General Electric Co. and Cerberus Capital Management top a list of suitors lining up to buy the middle-market senior lending arm of Merrill Lynch & Co. by year-end, several sources familiar with the process told Buyouts (a sister magazine to peHUB).

The beleaguered New York investment bank began shopping Merrill Lynch Capital over the summer and recently winnowed the field of potential buyers down to four bidders. Also in the running are a U.S.-based LBO firm and a European investment bank, according to our sources. Merrill Lynch isn’t expected to complete the deal until the bank’s board of directors has installed a new CEO to replace departed chief Stanley O’Neal.

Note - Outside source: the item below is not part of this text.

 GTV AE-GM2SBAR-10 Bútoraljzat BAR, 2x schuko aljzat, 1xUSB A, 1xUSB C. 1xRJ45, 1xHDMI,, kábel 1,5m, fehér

It’s unclear what prompted Merrill Lynch to sell its five-year-old commercial finance unit, which both underwrites senior loans and holds them on its books. The group is run out of Chicago by Daniel Marszalek, a managing director and former Heller Financial president who was recruited to launch Merrill Lynch’s operation in 2002 as a competitor to GE. A Merrill Lynch spokesperson declined to comment, citing a policy of not responding to market rumors.

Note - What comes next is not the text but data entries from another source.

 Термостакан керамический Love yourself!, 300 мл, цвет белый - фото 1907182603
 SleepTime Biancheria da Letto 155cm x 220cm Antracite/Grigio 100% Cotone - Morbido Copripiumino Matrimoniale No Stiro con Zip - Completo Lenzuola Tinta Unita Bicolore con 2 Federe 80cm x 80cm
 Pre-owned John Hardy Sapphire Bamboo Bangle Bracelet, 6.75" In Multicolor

Should it win the auction, GE would be expected to combine the Merrill Lynch group with Chicago-based GE Antares Capital, which claims to be the number one provider of senior loans of $225 million or less. GE has used two recent acquisitions to become a major player in the senior loan market. In 2001, it spent $5.3 billion to buy Chicago-based Heller Financial and followed up in 2005 with the purchase of Antares, also based in Chicago, for an undisclosed sum. A GE victory would do much to reverse the diaspora of Heller Financial pros who now fill the upper ranks of Antares and Merrill Lynch Corporate Finance. GE did not immediately respond to a request for comment.

For its part, New York-based Cerberus Capital Management is probably eager to attach the business to its burgeoning financial-services arm centered around GMAC Corp., several sources told Buyouts. Cerberus Capital also operates a mid-market debt arranger, Dymas Capital, and a mid-market lender, Ableco Finance. Cerberus Capital could not be reached for comment.

Merrill Lynch Capital, which employs 147 people, completed 148 transactions valued at more than $5.2 billion in 2005, according to an overview posted to the division’s Web site. The company has not made 2006 full-year data available.